1.2 Related Information
Definition and explanation of acronyms and terminology, trademark information, and typographic conventions can be found in the following documents:
- CUDB Glossary of Terms and Acronyms, Reference [1]
- Trademark Information, Reference [2]
- Typographic Conventions, Reference [3]
1.3 Prerequisites
This section describes the prerequisites for performing the data collection procedure.
1.3.1 Documents
Before starting this procedure, ensure that the following information or documents are available:
- This document.
- CUDB Troubleshooting Guide, Reference [4] and CUDB Node Logging Events, Reference [5].
- All the documents referenced in the procedures below and listed in the References section.
1.3.2 Conditions
Before starting the data collection procedure, ensure that the following conditions are met:
- The CUDB, database cluster, and BSP 8100 usernames and passwords are available.
- Log in to the CUDB node Command Line Interface (CLI). Refer to the CUDB CLI section of CUDB System Administrator Guide, Reference [6] for information.
- Log in to the blade or Virtual Machine (VM) of the CUDB node (see Section 1.3.2.2 for more information).
- Obtain the local and global Data Store (DS) and DS Unit Group (DSG) ID allocation (see Section 1.3.2.3 for more information).
- Obtain the global DSG ID for channel replication (see Section 1.3.2.4 for more information).
- For CUDB systems deployed on native BSP 8100, refer to the "Ericsson Command-Line Interface User Guide" document in the BSP 8100 CPI for more information.
The below sections describe how to establish the connections and fetch the required information listed above.
1.3.2.1 Naming Conventions
Several instructions in this document require the execution of a command manually.

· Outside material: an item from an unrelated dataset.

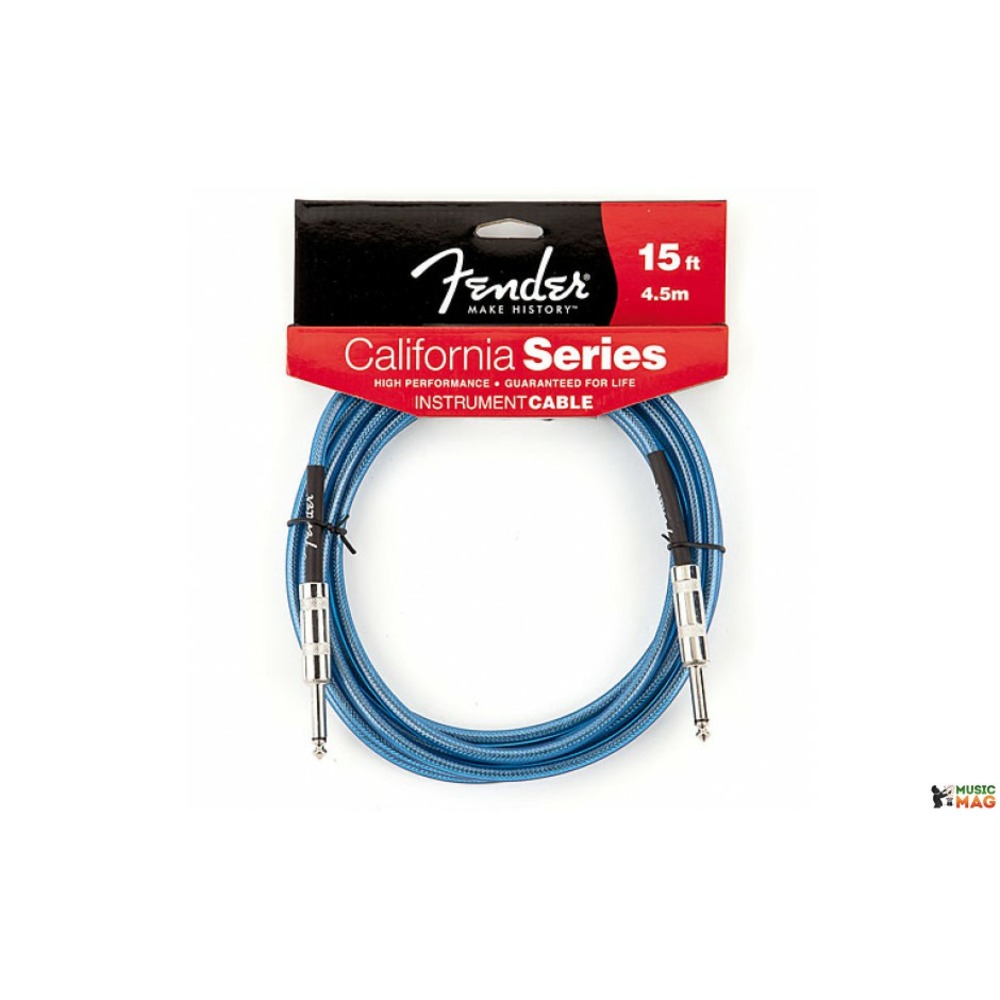 Кабель аудио 1xJack - 1xJack Fender 15 California Instrument Cable Lake Placid Blue 4.5m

In such cases, the CUDB prompt is indicated as follows:
CUDB<node_id> SC_2_x#
In the above output, <node_id> represents the ID of the node to update, while SC_2_<x> represents the active System Controller (SC).
- Note:
- Use the cudbHaState command as shown below to check the active controller for COM:
CUDB<node_id> SC_2_<x># cudbHaState | grep COM | grep ACTIVE
The output of the command must look similar to the below example:
CUDB<node_id> SC_2_<x># cudbHaState | grep COM | grep ACTIVE
COM is assigned as ACTIVE in controller SC-2
1.3.2.2 Connecting to the Blade or VM of the CUDB Node
For CUDB systems deployed on native BSP 8100, connection to the GEP3 or GEP5 boards is available either through serial connection, or through the CUDB CLI. For CUDB systems deployed on a cloud infrastructure, connection to the VMs is available only through CUDB CLI.

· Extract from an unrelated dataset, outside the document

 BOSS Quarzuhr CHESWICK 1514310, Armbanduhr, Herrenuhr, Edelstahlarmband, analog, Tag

Connecting from an External Server with Serial Connection
Perform the following procedure to log in to a GEP3 or GEP5 board of the CUDB node through serial connection:
- Take note of the following default serial
port parameters:
- Baud rate: 115200.
- Data bits: 8.
- Parity: None.
- Stop bits: 1.
- Flow control: None.
- Log in to the GEP3 or GEP5 board. After a successful login, the prompt of the CUDB node is displayed.
Connecting through the CUDB CLI
Perform the following procedure to log in to the blade or VM of the CUDB node through the CUDB CLI:
- Log in to the CUDB CLI as described in the CUDB CLI section of CUDB System Administrator Guide, Reference [6].
- Establish an SSH connection to the blade or VM as follows:
1.3.2.3 Obtaining Local and Global DS and DSG ID Allocation
Perform the following steps to obtain the local and global DS-DSG ID allocation:
- Log in to the node for which the local and global mapping is determined.
- Execute the following command:
CUDB<node_id> SC_2_x# cudbManageStore -a -o status
The output of the command must be as follows:
CUDB<node_id> SC_2_x# cudbManageStore -a -o status
cudbManageStore stores to process: pl ds1 (in dsgroup1)
ds2 (in dsgroup2) ds3 (in dsgroup3) ds4 (in dsgroup4)
ds5 (in dsgroup5) ds6 (in dsgroup6) ds7 (in dsgroup7)
ds8 (in dsgroup8).
Store pl in dsgroup 0 is alive and reporting status ACTIVE(2).
Store ds1 in dsgroup 1 is alive and reporting status ACTIVE(2).
Store ds2 in dsgroup 2 is alive and reporting status ACTIVE(2).
Store ds3 in dsgroup 3 is alive and reporting status ACTIVE(2).
Store ds4 in dsgroup 4 is alive and reporting status ACTIVE(2).
Store ds5 in dsgroup 5 is alive and reporting status ACTIVE(2).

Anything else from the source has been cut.